In the paper under review, the authors study several problems which are related, in a broad sense, with the Hermite interpolation. Assume that \(\mathbb{K}\) is a field. In the mentioned interpolation problem one wants to determine the least degree of a homogeneous form that, given a set of \(s\) points \(Z\) in \(\mathbb{P}^{N}\) and positive integers \(m_{1},\dots,m_{s}\), vanishes to order \(m_{i}\) at the point \(P_{i}\) for every \(i\).
This problem is very difficult and it remains open if we restrict our attention to the case \(k=m_{1} = \dots = m_{s}\). In this case, the polynomials vanishing to order \(k\) at every point of \(Z\) form an ideal \(I^{(k)}_{Z}\) that is called \(k\)-th symbolic power of the ideal \(I_{Z}\) of \(Z\), and the least degree of a non-zero element from \(I^{(k)}_{Z}\) is denoted by \(\alpha(I^{(k)}_{Z})\). In order to formulate the main results let us recall that a finite set \(Z = \{P_{0}, \dots, P_{s}\} \subset \mathbb{P}^{N}\) of points is said to be in linearly general position if any subset of \(Z\) with \(r+1 \leq N+1\) points spans an \(r\)-dimensional linear subspace. We also say that a set of linear forms in \(R = \mathbb{K}[x_{0}, \dots, x_{N}]\) is in linearly general position if the set of dual points in \(\mathbb{P}^{N}\) has this property.
Theorem A. Let \(Z \subset \mathbb{P}^{N}\) be a subset of \(N+2\) points spanning \(\mathbb{P}^{N}\). Denote by \(\ell_{1}, \dots, \ell_{N+2}\) linear forms that are dual to the given points.

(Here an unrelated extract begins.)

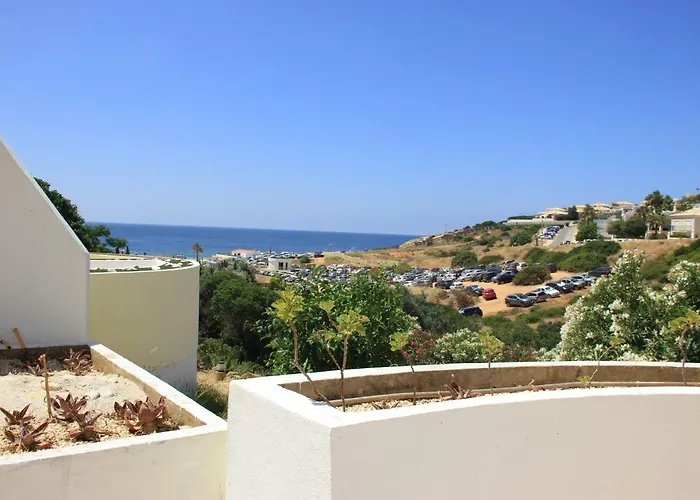 アパート And Pool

Let \(t\) be the least integer such that some subset of \(t+2\) points \(Z\) is linearly dependent, so \(1 \leq t \leq N\). Then for every \(d > 0\) and \(k > 0\) one has \[\operatorname{reg} R/(\ell_{1}^{d}, \dots, \ell_{N+2}^{d}) = \bigg\lfloor \frac{(2N+2-t)(d-1)}{2}\bigg\rfloor,\] \[\alpha(I_{Z}^{(k)}) = \bigg\lceil \frac{(2N+2-t)k}{2N-t}\bigg\rceil,\] where \(\operatorname{reg}(\cdot)\) denotes the Castelnuovo-Mumford regularity.
An analogous result was obtained for subsets of \(N+3\) points in \(\mathbb{P}^{N}\) in linearly general position, but a formulation of that result is much more complicated.

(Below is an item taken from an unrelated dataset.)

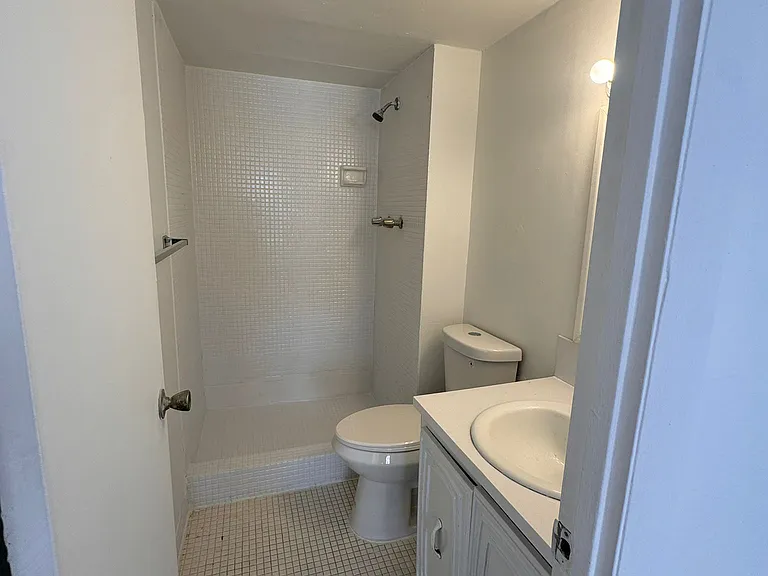 488 NE 165th St #616-1 — Photo 6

The next result is devoted to Demailly’s conjecture. Let us recall that the Waldschmidt constant is defined as \[ \hat{\alpha}(I) = \lim_{k \rightarrow \infty} \frac{\alpha(I^{(k)})}{k}, \] where \(I\) is a non-zero homogeneous ideal.

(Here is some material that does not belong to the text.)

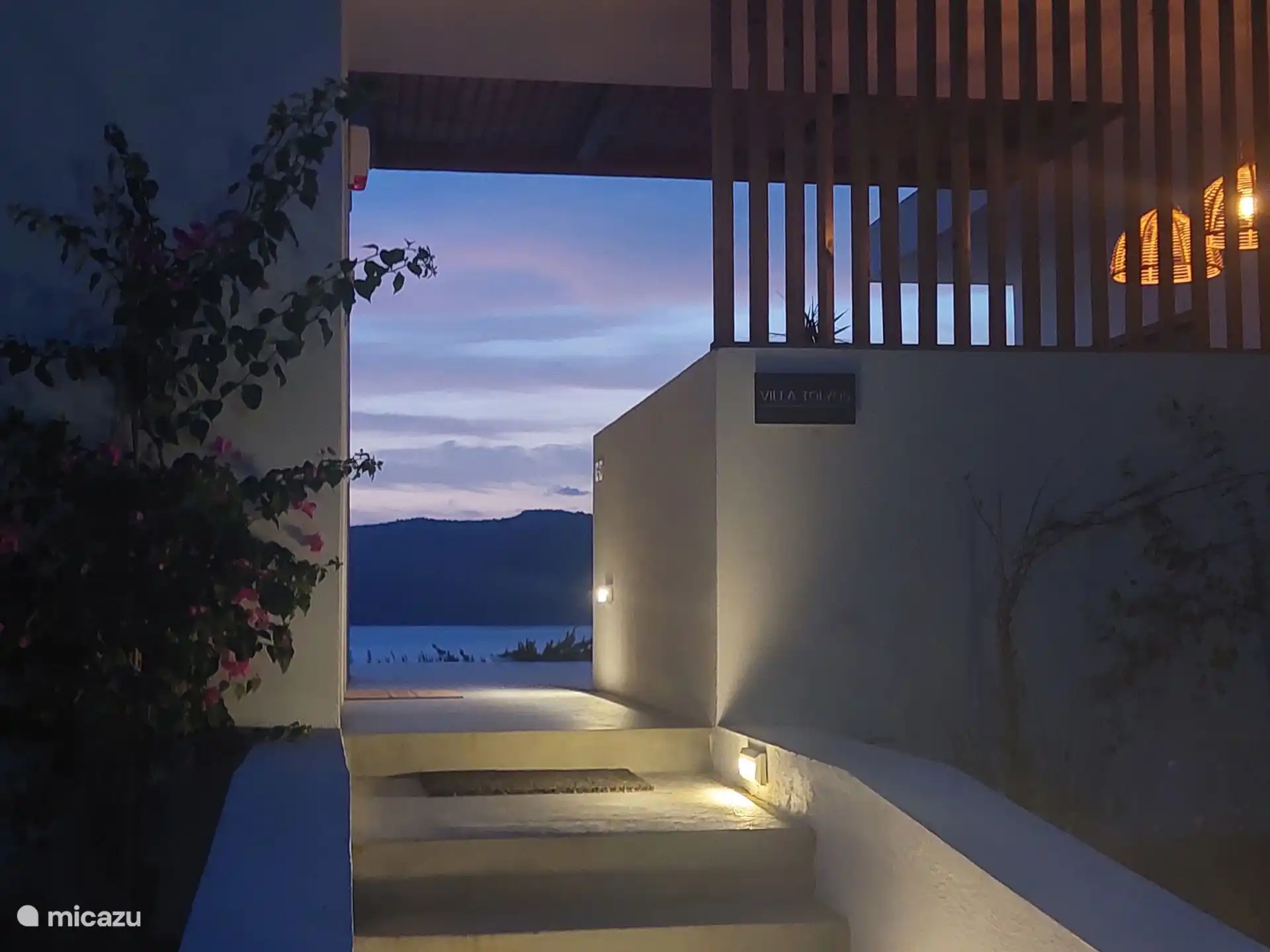 Entree Villa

Conjecture. Any finite set of points \(Z \subset \mathbb{P}^{N}\) satisfies \[ \hat{\alpha}(I_{Z}) \geq \frac{\alpha(I_{Z}^{(k)})+N-1}{N+k-1} \] for every \(k \geq 1\).
Theorem B. Let \(Z \subset \mathbb{P}^{N}\) be a set of at most \(N+3\) points spanning \(\mathbb{P}^{N}\). If \(|Z| = N+3\), suppose that \(Z\) is in linearly general position. Then Demailly’s conjecture is true for \(Z\) and every \(k\geq 1\) unless \(|Z|=N+3\) and \(N\) is odd. In the latter case, Demailly’s conjecture holds whenever \(k \geq \frac{(N^{2}+N+1)(N^{2}+2N-1)}{2(N+2)}\).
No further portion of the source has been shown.